Your goal :: All pictures are to be dropped, and everything else in the data duplicated exactly.

Working data ::
=====

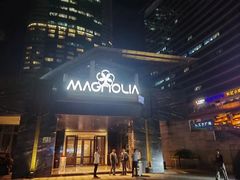 -MAGNOLIA商务·娱乐KTV(金玉兰店)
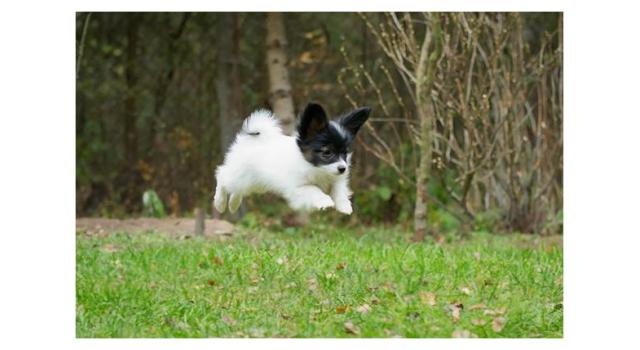 Puppies of papillon in Bon Plaisir Kennel Puppies of papillon in Bon Plaisir Kennel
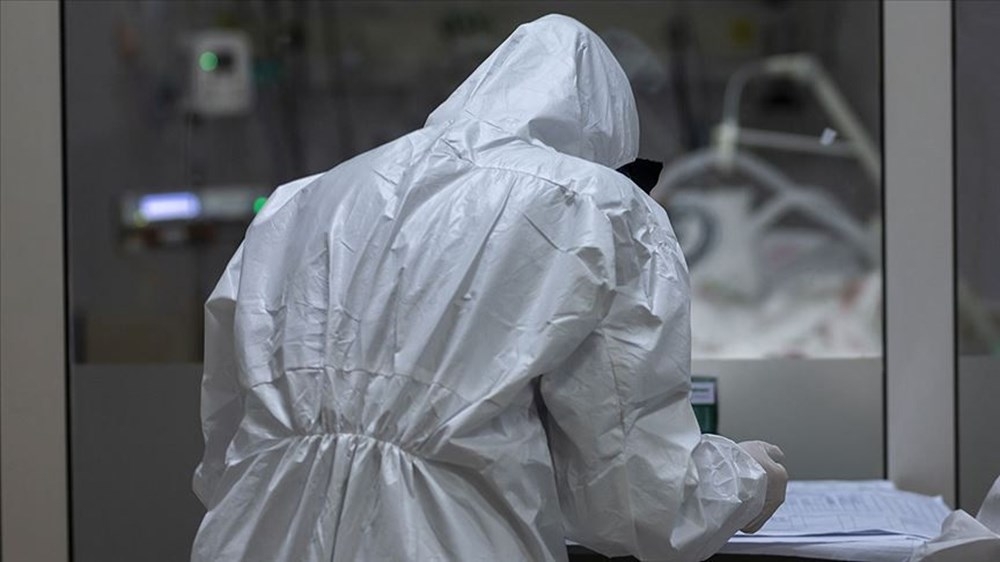 Corona virüs yarasaları neden öldürmüyor? İşte bilimin yanıtı galerisi resim 3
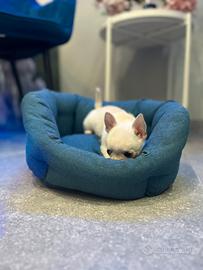 Chihuahua toy mini bianco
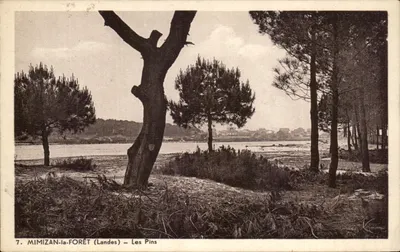 Mimizan-la-Forêt (Landes) — Os Pinheiros — Edição Sallagana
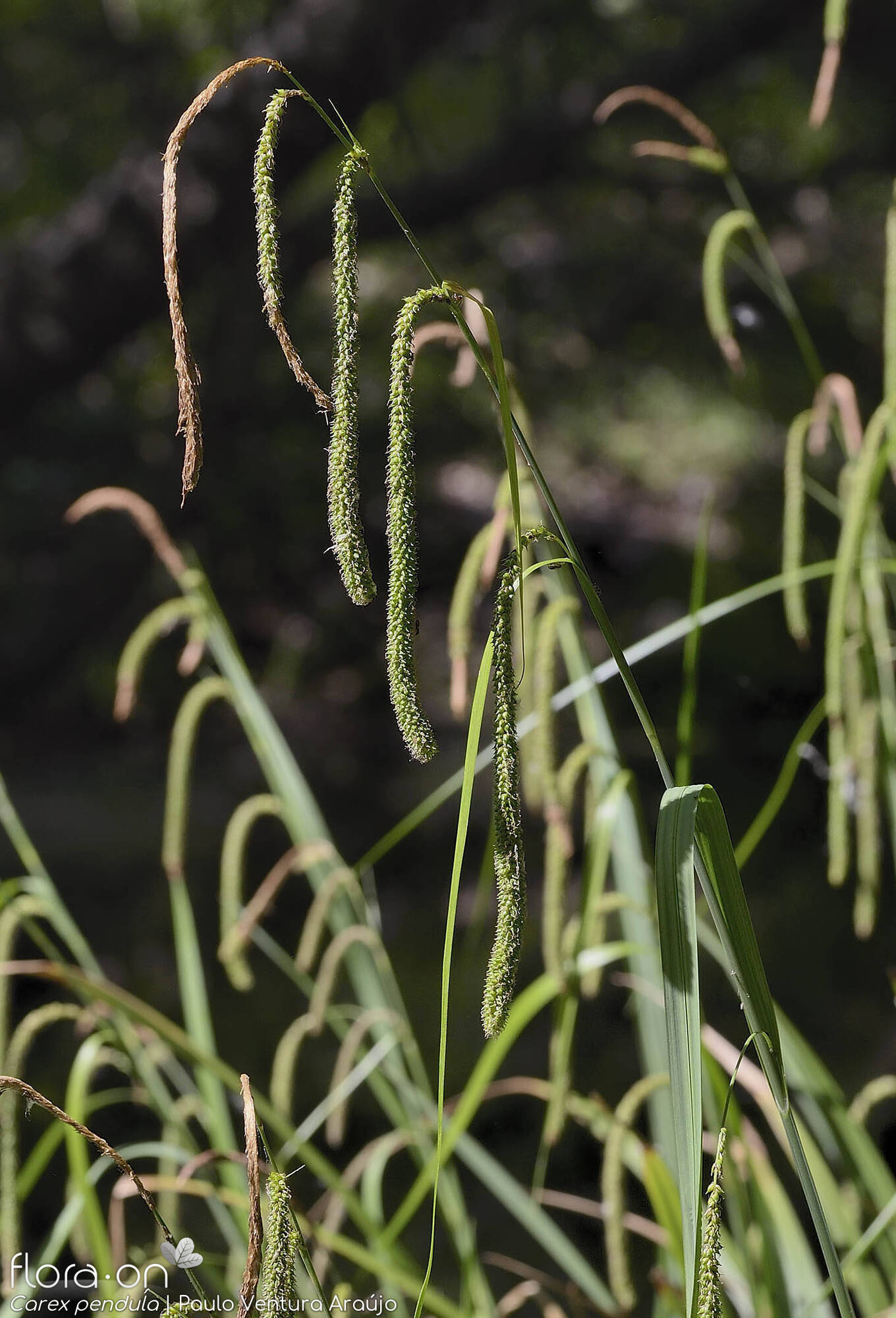Carex pendula - Flor (geral) | Paulo Ventura Araújo; CC BY-NC 4.0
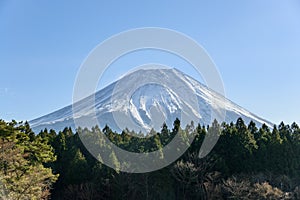 View of Mount Fuji with a beautiful foreground of green pine trees, Japan.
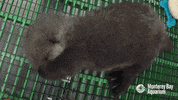 awkward sea otter GIF by Monterey Bay Aquarium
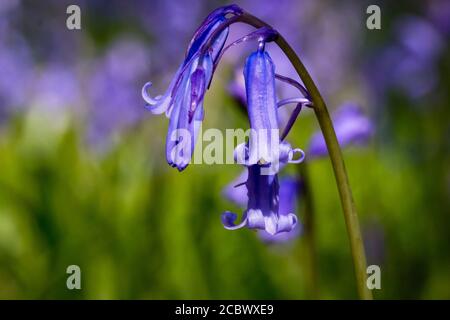 Le bluebell (jacinthoides non-scripta) pousse au printemps dans la forêt de Cambridgeshire à Waresley dans cette image noire et blanche Banque D'Images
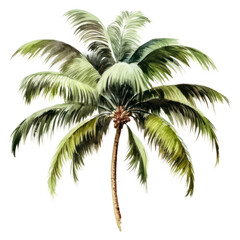 PNG Plant fruit tree freshness.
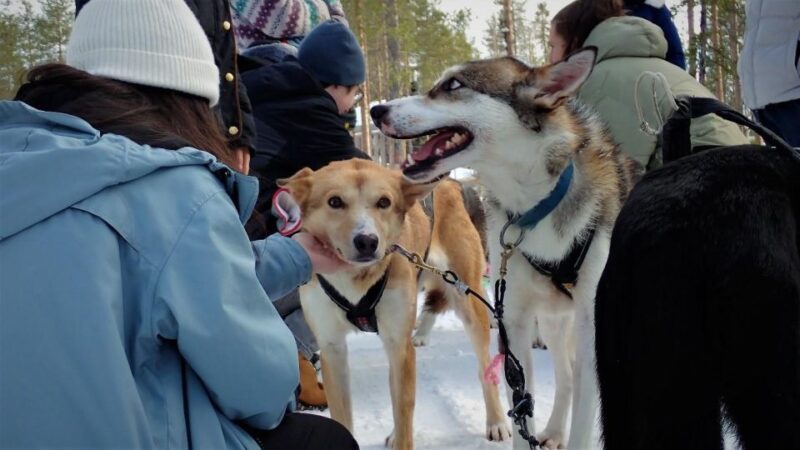 From Rovaniemi: Lapland Reindeer and Husky Sled Safari - Participant Information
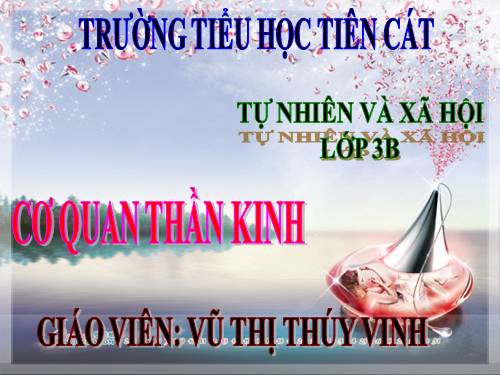 Bài 12. Cơ quan thần kinh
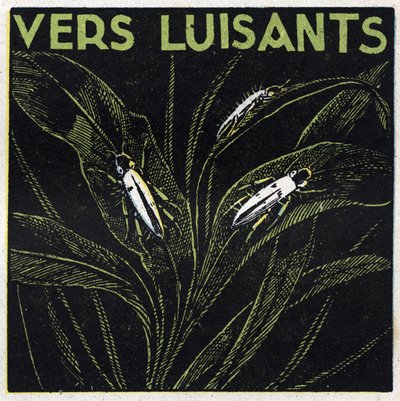 Phosphorescence : verts lumineux. Illustration anonyme de 1925. Collection privée. - Anonymous Anonymous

=====

Exercise result ::
 -MAGNOLIA商务·娱乐KTV(金玉兰店)
 Puppies of papillon in Bon Plaisir Kennel Puppies of papillon in Bon Plaisir Kennel
 Corona virüs yarasaları neden öldürmüyor? İşte bilimin yanıtı galerisi resim 3
 Chihuahua toy mini bianco
 Mimizan-la-Forêt (Landes) — Os Pinheiros — Edição Sallagana
Carex pendula - Flor (geral) | Paulo Ventura Araújo; CC BY-NC 4.0
 View of Mount Fuji with a beautiful foreground of green pine trees, Japan.
 awkward sea otter GIF by Monterey Bay Aquarium
 Le bluebell (jacinthoides non-scripta) pousse au printemps dans la forêt de Cambridgeshire à Waresley dans cette image noire et blanche Banque D'Images
 PNG Plant fruit tree freshness.
 From Rovaniemi: Lapland Reindeer and Husky Sled Safari - Participant Information
 Bài 12. Cơ quan thần kinh
 Phosphorescence : verts lumineux. Illustration anonyme de 1925. Collection privée. - Anonymous Anonymous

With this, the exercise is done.